Leo IIn 455 werd keizer Valentinianus III, de laatste Theodosiaan, vermoord en Rome geplunderd door de Vandalen. Twee jaar later stierf keizer Marcianus, aangetrouwd lid van de dynastie die hiermee definitief ten einde kwam. In het oosten kwam een nieuwe keizer op de troon die zich ontpopte als een fanatiek heerser en een ruim aantal jaren stabiel regeerde. In het westen greep de chaos om zich heen. Het West-Romeinse rijk was steeds verder afgebrokkeld. De Germaanse koninkrijken in Gallië en Spanje leidden in feite een eigen leven, terwijl men Brittannië al een halve eeuw daarvoor had moeten opgeven en veel Afrikaanse gebieden nu ook als verloren moesten worden beschouwd. Het westen was door de eeuwen van interne strijd verzwakt en verarmd, zodat het niet langer in staat was geweest rondtrekkende vijanden te weerstaan, in tegenstelling tot het veel rijkere en moeilijker binnen te vallen oosten. Terwijl Leo I in Constantinopel op de troon zat ging het westen langzaam ten onder.
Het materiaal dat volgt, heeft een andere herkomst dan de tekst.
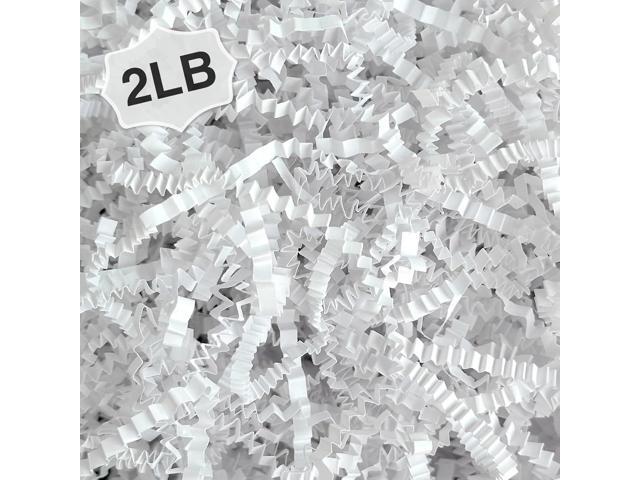 2LB Crinkle paper Shred Paper Filler For Gift Box Basket Bags On Holiday(White).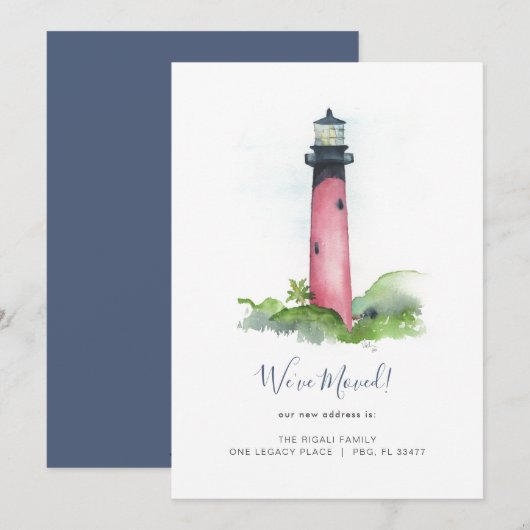 Waterverf Florida Lighthouse Change of Address Feestdagenkaart (Voorkant / Achterkant)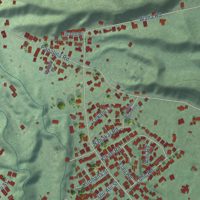 Second close-up of the map of Kalaheo, Hawaii print showing more streets and buildings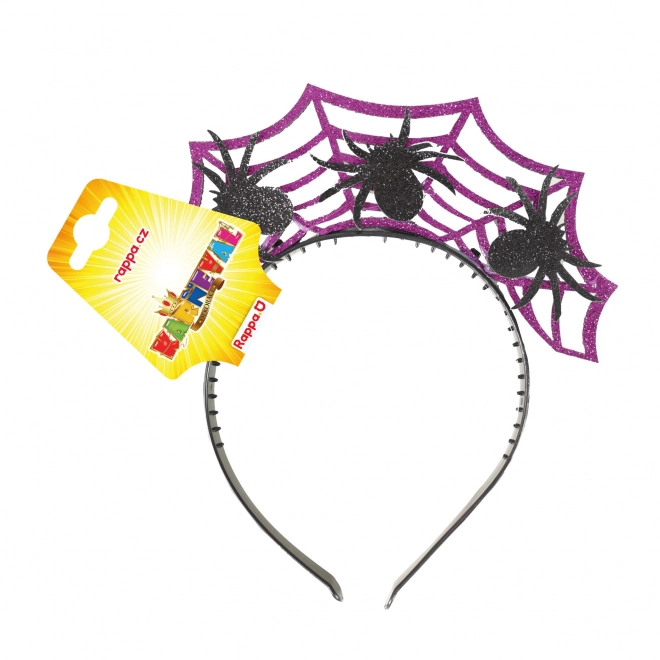 Cerchietto Halloween viola con ragni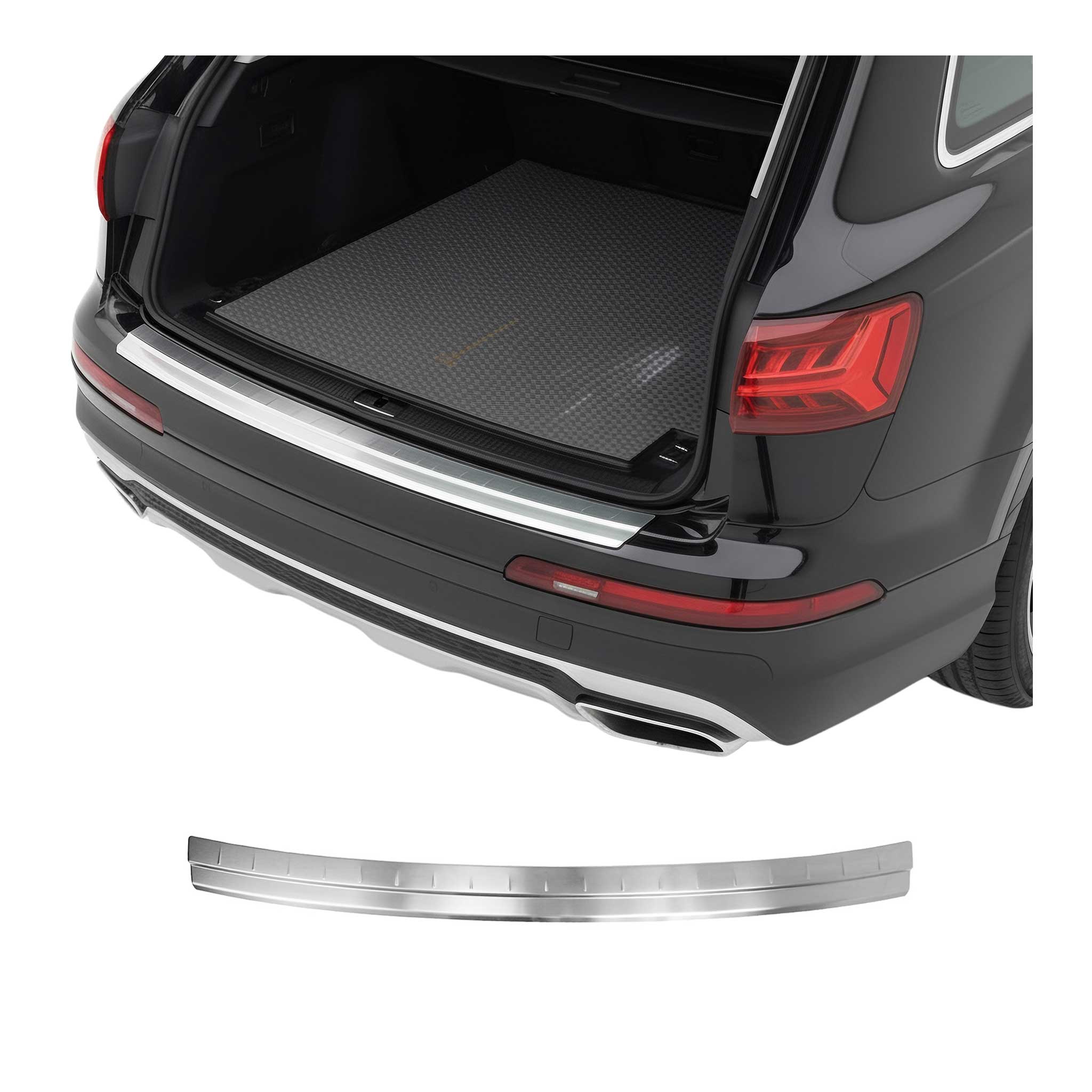 2017-2024 Audi Q7 4M Rear Bumper Guard Stainless Steel Brushed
De Missiorum van Aspar (detail) waarop Ardabur Aspar is afgebeeld met zijn zoon.
De Missiorum van Aspar (detail) waarop Ardabur Aspar is afgebeeld met zijn zoon. Wie niet beter zou weten zou denken dat het hier om een echte monarch gaat.

Keizer Leo I was vermoedelijk in 401 als Leo Marcellus geboren in Thracië, wat de reden is dat zijn dynastie bekendstaat als de Thracische. In de loop der jaren werkte hij zich op middels een carrière in het leger, waarin hij het tot comes schopte. Na de dood van Marcianus werd hij op de troon gezet door Flavius Ardabur Aspar, de oostelijke magister militum. Aspar, die van Gotisch-Alaanse afkomst was, had al in 424 een cruciale rol gespeeld toen Valentinianus III op de westelijke troon geplaatst werd. In 450 had hij, na het overlijden van Theodosius II, een huwelijk geregeld tussen diens zuster Pulcheria en Marcianus, en deze zodoende op de troon weten te zetten. Na de dood van Marcianus werd diens schoonzoon als keizer overwogen, al zei men dat tijdens de 11 dagen durende vergadering de kroon ook aan Aspar was aangeboden, die geweigerd zou hebben. In plaats daarvan schoof Aspar zijn tribuun Leo naar voren als keizer Leo I, bijgenaamd “de Thraciër”. Hij werd in 457 als eerste Romeinse of Byzantijnse keizer gekroond door de patriarch van Constantinopel.

Keizer Majorianus
Keizer Majorianus

Het westen verkeerde onderwijl in chaos. Vlak voor de plundering van Rome was keizer Petronius Maximus, die middels de moord op Valentinianus III aan de macht gekomen was, door een woedende menigte gedood en zijn opvolger Avitus was door allerlei spanningen en geldproblemen ook in een lastig parket geraakt. Uiteindelijk was Avitus in 456 door de Senaat afgezet en verslagen. Deze opstand was begonnen door de bevelhebbers Ricimer en Majorianus. De Suebisch-Visigotische Ricimer was generaal van het leger in Italië en de kleinzoon van de Visigotische koning Wallia. Majorianus was ook van interessante komaf, want zijn grootvader was nog magister militum geweest onder Theodosius de Grote. Beide hadden onder Aëtius gediend en waren zo bevriend geraakt. Valentinianus III had nog overwogen zijn dochter Placidia uit te huwelijken aan Majorianus, in de hoop zo toch een mannelijke erfgenaam te hebben. Dergelijke ambities hadden hem niet populair gemaakt bij Aëtius, zodat hij tussen 450 en 454 zich even uit de spotlights had moeten terugtrekken. Na enkele goede overwinningen onder Avitus had deze hen naar hun topposities gepromoveerd. Wellicht was dat ook bedoeld om hen te paaien – hun erkenning van Avitus als keizer was niet van harte gegaan – maar nu begonnen zij juist dankbaar misbruik van hun positie te maken, mede omdat de oostelijke keizer Marcianus Avitus nooit erkend had. In 456 waren zij dan ook de opstand tegen hem begonnen. Tegen de tijd dat Avitus uitgeschakeld was, was Marcianus overleden en opgevolgd door Leo I, die Ricimer opperbevelhebber van het westen maakte en Majorianus het bevel over Italië gaf. De troon liet hij bewust vacant in de hoop zelf weer controle over het westen te krijgen. Want ondanks de plannen van Aspar was Leo een zelfbewuste heerser met een eigen wil.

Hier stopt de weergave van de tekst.